In the late 18th century there once lived a farmer who lived in the Ẹgba forest, he was called Lísàbí Agbọ̀ngbọ̀ Àkálà, he was described as a very tall and broad fellow, who lived in Igbein but originally from Itoku, ẹsí ẹni mọ ẹiyẹ tó sú (no one knew who his parents were) but he was said to be a cheerful, hardworking and respective young man.

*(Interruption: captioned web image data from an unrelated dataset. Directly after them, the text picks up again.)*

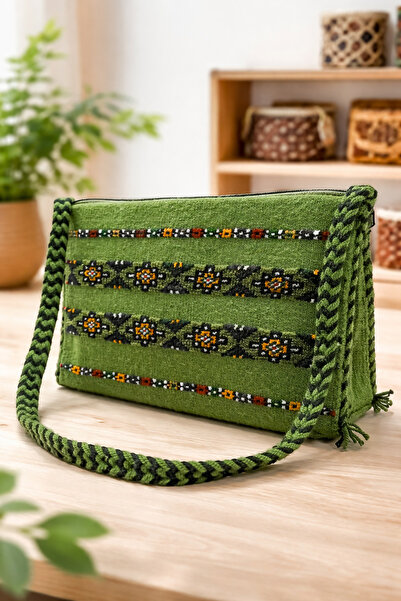 Butik Gültürkmen El Emeği Türkmen Desenli Şık ve Dayanıklı El Çantası 18×28 cm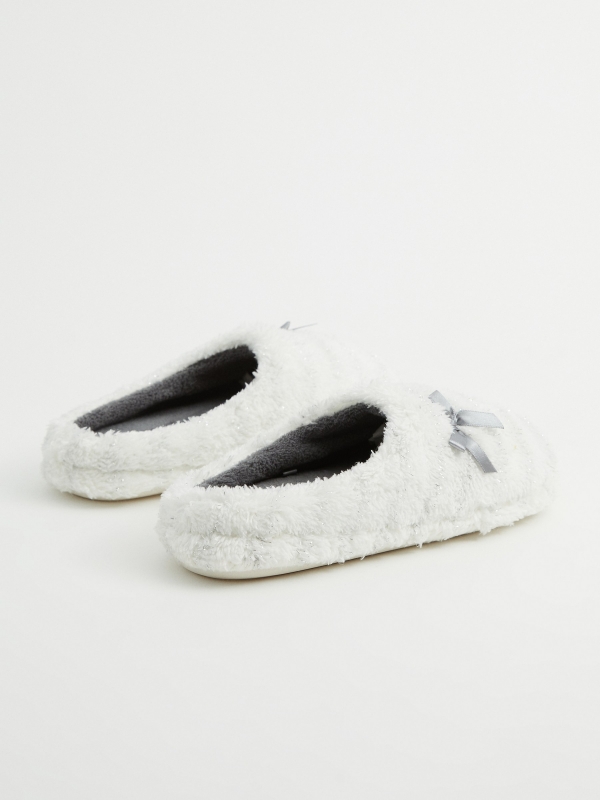 Pantufas às riscas branco vista geral frontal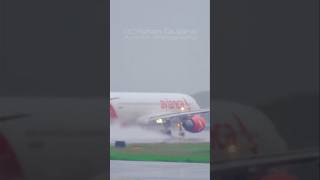 Download lagu Despegue bajo fuerte lluvia - A320 de Avianca #aviation #avianca #travel #airbus mp3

According to history, the Ẹgbas were then under the suzerain of the Olóyo/Aláàfin who received ìsákólẹ̀ (tributaries) from the Ẹgbas through his Ajeles (representatives or tax collectors). These Ọyo-Ajeles were reportedly brutish and avaricious such that the Ẹgbas became tired of their excesses, but they all resigned to fate, esí ọhun a má sé Aláàfin l'oni ile baawà. While they've all given up, Lisabi was preoccupied with plans on how to liberate his people.
Lisabi took advantage of the breakdown of law and order in Oyo-ile after Afonja's revolt on Aláàfin Aole, he turned the Aro traditional system where farmers helped one another on their farms into an underground army, and changed its name too Egba Olorogun (Egba Ọ̀ ni orogún: Egba has no rival). They all agreed to the plot and perfected their attacks, when the Ajeles came with their usual raking, Lisabi signalled his small army and nearly all the Ajeles were slaughtered about 600 of them were wiped out. ẹni orí yọ ó di ilé, those who escaped the onslaught reported to Bashorun Ashamu who was acting as a regent in Oyo, and since he could not summon Afonja, he drafted young Oyo and Ibarapa army instead and they head to Igbehin hoping to crush it and bring Lisabi's head to Oyo but "e shock them". Lisabi had ordered everyone to desert the town, he and his army hid in ravines and the Oyo soldiers easily fell into their trap, the Òyós were defeated and Lisabi won independence for his people. Ẹgba became an independent state afterwards.
The Lisabi festival is the celebration of Ẹgba independence and the appreciation of his fearlessness and gallantry.